§ Exercise requirements
From the records below, transcribe only the lines running from the one with "5th image of 246 La Verne Ave #C" through the one with "Nestea Vintage Logo". Keep both of those end lines.

§ Dataset items
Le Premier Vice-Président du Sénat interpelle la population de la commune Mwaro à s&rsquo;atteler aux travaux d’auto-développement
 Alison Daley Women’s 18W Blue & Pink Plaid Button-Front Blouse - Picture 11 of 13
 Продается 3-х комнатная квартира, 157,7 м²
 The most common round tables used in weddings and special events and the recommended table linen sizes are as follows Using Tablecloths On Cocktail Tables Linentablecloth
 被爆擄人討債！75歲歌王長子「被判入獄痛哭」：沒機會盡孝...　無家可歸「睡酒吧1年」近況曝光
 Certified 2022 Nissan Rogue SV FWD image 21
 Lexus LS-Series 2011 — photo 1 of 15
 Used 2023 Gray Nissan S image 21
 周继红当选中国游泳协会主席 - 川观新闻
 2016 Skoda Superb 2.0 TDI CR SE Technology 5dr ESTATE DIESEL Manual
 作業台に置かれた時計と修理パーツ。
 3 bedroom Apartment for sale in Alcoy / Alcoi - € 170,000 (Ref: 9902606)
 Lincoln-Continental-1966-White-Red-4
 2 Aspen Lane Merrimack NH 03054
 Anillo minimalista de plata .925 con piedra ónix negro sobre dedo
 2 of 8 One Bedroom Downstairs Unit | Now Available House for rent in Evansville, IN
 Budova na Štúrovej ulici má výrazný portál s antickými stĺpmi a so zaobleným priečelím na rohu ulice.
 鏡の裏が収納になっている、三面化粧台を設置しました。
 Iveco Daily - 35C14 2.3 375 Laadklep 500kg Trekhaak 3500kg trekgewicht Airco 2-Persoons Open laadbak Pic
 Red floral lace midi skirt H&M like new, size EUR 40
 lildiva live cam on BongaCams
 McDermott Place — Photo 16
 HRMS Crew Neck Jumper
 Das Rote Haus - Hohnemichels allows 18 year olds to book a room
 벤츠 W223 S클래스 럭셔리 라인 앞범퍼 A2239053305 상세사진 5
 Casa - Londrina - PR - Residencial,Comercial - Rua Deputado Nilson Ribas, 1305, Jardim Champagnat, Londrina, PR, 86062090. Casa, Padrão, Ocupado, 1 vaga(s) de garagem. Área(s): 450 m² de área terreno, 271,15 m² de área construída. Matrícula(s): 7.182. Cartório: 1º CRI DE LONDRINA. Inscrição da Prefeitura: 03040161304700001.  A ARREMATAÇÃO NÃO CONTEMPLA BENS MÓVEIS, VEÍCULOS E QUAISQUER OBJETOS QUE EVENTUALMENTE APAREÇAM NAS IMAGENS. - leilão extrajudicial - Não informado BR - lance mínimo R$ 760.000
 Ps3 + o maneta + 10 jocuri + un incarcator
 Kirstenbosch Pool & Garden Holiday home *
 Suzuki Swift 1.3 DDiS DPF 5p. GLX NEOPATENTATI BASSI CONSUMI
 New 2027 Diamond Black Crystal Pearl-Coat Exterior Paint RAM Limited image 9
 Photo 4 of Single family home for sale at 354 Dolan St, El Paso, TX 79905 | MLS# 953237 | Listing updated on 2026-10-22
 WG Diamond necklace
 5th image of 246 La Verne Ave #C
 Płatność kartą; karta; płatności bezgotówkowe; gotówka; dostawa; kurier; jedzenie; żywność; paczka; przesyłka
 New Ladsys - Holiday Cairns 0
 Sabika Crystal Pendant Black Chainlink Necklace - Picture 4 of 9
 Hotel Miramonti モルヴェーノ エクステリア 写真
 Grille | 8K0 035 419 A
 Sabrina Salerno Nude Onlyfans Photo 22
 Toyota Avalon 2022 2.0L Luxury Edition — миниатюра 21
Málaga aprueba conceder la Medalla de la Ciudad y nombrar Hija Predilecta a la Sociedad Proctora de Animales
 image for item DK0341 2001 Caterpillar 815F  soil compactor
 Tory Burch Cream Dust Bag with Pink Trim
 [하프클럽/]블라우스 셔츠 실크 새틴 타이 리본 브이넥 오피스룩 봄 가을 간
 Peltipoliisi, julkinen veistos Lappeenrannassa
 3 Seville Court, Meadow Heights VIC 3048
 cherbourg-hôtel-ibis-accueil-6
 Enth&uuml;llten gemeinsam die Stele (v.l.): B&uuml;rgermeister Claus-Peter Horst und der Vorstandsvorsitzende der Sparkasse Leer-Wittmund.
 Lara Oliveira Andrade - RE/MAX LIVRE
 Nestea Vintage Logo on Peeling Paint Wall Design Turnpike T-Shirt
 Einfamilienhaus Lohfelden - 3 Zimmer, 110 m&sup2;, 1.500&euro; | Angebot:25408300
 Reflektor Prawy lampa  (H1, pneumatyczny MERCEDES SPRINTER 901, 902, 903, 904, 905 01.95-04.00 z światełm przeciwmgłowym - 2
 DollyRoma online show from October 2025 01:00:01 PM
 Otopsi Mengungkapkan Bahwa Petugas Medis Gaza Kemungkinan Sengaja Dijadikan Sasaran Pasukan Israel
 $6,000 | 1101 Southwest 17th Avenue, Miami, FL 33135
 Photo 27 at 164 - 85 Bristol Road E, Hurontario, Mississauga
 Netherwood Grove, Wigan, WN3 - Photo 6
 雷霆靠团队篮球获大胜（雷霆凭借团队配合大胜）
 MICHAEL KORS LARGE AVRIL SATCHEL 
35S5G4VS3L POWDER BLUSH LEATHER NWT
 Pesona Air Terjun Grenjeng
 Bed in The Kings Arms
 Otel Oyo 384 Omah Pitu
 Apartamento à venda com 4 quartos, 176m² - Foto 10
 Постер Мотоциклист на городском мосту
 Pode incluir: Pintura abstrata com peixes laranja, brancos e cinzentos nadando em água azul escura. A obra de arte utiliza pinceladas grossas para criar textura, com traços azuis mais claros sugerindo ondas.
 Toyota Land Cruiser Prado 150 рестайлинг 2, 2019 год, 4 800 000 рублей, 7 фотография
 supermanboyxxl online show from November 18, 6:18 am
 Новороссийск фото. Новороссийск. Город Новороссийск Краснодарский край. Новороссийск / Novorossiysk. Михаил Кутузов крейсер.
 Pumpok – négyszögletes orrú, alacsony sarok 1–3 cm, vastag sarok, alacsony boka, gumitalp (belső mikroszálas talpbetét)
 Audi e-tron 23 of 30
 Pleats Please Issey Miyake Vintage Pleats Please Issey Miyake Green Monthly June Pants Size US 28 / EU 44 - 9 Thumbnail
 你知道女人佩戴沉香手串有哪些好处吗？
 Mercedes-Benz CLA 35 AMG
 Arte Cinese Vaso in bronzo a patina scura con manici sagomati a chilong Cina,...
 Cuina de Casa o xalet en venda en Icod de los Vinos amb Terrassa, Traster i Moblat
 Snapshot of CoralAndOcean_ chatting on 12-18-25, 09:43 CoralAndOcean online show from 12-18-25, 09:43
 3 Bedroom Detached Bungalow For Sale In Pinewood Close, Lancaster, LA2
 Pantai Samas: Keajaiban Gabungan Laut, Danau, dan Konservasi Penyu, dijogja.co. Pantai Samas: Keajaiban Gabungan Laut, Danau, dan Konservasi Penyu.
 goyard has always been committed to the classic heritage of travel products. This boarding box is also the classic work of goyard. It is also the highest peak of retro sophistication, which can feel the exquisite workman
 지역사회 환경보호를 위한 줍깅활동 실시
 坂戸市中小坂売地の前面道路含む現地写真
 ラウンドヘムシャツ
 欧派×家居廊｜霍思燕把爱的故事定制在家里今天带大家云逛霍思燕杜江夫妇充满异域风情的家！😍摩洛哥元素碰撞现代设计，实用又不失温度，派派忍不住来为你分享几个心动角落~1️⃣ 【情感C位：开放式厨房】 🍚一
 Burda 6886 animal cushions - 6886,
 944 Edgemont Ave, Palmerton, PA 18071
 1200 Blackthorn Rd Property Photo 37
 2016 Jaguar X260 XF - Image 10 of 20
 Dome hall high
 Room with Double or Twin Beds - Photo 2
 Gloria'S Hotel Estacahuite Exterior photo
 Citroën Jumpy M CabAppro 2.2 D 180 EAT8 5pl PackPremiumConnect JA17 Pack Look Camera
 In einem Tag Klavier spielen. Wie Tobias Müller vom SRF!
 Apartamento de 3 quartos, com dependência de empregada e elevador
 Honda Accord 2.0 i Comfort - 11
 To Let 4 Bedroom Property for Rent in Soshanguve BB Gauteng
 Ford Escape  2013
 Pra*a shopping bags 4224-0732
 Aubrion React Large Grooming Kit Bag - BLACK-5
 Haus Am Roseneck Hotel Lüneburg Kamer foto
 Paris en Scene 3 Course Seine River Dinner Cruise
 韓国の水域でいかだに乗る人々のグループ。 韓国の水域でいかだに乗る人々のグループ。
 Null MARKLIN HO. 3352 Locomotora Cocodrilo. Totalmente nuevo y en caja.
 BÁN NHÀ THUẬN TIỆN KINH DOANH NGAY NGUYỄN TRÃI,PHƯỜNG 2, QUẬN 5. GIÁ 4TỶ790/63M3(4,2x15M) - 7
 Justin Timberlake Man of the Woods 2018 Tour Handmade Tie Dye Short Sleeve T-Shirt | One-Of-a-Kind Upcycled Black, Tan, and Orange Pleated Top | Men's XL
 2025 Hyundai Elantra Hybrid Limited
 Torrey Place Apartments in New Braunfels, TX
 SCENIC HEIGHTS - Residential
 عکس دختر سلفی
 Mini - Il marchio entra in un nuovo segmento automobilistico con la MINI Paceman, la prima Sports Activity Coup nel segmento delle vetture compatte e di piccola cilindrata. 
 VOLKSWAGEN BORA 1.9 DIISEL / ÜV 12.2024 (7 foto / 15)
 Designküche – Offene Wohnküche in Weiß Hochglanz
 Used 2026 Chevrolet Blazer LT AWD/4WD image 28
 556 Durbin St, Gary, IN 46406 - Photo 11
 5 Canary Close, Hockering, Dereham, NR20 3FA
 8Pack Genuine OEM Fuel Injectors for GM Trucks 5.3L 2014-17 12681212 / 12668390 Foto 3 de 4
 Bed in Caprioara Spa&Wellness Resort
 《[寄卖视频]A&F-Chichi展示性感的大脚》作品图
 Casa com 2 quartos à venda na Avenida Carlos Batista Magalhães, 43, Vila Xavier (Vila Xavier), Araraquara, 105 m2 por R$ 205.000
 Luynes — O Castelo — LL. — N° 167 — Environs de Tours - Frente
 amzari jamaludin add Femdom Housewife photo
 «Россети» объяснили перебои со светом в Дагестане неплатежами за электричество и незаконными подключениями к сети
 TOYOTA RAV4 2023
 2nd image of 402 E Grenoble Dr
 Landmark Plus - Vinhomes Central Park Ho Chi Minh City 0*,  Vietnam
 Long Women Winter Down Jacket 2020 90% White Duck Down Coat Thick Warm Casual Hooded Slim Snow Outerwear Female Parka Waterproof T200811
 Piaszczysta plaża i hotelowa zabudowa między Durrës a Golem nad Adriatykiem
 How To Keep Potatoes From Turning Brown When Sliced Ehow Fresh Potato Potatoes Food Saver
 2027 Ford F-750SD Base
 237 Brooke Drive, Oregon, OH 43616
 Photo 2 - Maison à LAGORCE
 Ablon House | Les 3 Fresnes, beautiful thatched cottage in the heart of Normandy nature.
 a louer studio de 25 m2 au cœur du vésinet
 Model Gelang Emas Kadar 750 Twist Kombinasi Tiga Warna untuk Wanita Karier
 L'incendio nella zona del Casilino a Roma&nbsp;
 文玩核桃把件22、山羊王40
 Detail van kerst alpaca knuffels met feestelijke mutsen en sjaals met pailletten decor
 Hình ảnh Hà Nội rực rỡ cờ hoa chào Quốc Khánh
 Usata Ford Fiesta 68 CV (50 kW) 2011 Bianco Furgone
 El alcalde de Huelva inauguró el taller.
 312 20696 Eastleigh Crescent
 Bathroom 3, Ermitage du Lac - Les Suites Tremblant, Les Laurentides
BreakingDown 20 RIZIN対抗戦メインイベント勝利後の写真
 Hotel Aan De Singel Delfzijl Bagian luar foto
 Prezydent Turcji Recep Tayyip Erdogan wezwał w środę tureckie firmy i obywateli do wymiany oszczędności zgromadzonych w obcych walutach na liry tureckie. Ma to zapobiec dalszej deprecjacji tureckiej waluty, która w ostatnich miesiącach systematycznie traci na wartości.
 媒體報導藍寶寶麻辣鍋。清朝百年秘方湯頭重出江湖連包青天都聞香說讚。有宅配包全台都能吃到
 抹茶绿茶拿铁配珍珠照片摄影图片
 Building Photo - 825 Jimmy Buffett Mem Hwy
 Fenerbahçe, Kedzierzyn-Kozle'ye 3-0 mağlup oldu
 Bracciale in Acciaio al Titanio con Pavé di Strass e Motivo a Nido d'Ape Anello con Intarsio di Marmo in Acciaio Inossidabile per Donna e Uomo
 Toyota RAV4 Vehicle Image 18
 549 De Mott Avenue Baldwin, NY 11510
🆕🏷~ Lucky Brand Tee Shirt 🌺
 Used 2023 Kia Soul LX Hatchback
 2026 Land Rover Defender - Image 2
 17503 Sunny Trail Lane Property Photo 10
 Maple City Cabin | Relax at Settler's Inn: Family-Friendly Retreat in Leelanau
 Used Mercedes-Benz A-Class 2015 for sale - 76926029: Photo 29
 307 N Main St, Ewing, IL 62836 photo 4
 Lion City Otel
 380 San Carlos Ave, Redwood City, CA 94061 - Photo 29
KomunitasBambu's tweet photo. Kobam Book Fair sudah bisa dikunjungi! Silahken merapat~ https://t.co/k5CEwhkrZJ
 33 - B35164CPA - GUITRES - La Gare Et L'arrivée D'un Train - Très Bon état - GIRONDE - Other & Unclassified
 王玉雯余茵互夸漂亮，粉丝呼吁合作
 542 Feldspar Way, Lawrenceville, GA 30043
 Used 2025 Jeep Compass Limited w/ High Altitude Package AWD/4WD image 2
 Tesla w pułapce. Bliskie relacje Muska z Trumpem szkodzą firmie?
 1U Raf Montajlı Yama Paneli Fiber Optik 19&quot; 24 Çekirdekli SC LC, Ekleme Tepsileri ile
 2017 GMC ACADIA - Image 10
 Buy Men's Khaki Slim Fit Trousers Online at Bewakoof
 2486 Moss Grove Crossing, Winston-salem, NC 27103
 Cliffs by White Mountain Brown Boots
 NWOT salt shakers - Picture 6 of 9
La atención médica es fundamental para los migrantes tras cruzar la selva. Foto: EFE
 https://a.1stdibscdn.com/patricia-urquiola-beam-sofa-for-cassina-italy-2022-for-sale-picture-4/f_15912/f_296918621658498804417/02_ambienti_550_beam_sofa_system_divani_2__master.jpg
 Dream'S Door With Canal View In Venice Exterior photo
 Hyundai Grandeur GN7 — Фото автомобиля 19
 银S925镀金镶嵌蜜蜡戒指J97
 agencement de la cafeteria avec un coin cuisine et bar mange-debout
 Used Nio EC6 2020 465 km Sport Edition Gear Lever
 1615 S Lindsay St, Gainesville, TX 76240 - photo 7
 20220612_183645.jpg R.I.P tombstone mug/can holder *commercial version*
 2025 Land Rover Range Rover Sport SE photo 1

§ Result for this exercise
 5th image of 246 La Verne Ave #C
 Płatność kartą; karta; płatności bezgotówkowe; gotówka; dostawa; kurier; jedzenie; żywność; paczka; przesyłka
 New Ladsys - Holiday Cairns 0
 Sabika Crystal Pendant Black Chainlink Necklace - Picture 4 of 9
 Hotel Miramonti モルヴェーノ エクステリア 写真
 Grille | 8K0 035 419 A
 Sabrina Salerno Nude Onlyfans Photo 22
 Toyota Avalon 2022 2.0L Luxury Edition — миниатюра 21
Málaga aprueba conceder la Medalla de la Ciudad y nombrar Hija Predilecta a la Sociedad Proctora de Animales
 image for item DK0341 2001 Caterpillar 815F  soil compactor
 Tory Burch Cream Dust Bag with Pink Trim
 [하프클럽/]블라우스 셔츠 실크 새틴 타이 리본 브이넥 오피스룩 봄 가을 간
 Peltipoliisi, julkinen veistos Lappeenrannassa
 3 Seville Court, Meadow Heights VIC 3048
 cherbourg-hôtel-ibis-accueil-6
 Enth&uuml;llten gemeinsam die Stele (v.l.): B&uuml;rgermeister Claus-Peter Horst und der Vorstandsvorsitzende der Sparkasse Leer-Wittmund.
 Lara Oliveira Andrade - RE/MAX LIVRE
 Nestea Vintage Logo on Peeling Paint Wall Design Turnpike T-Shirt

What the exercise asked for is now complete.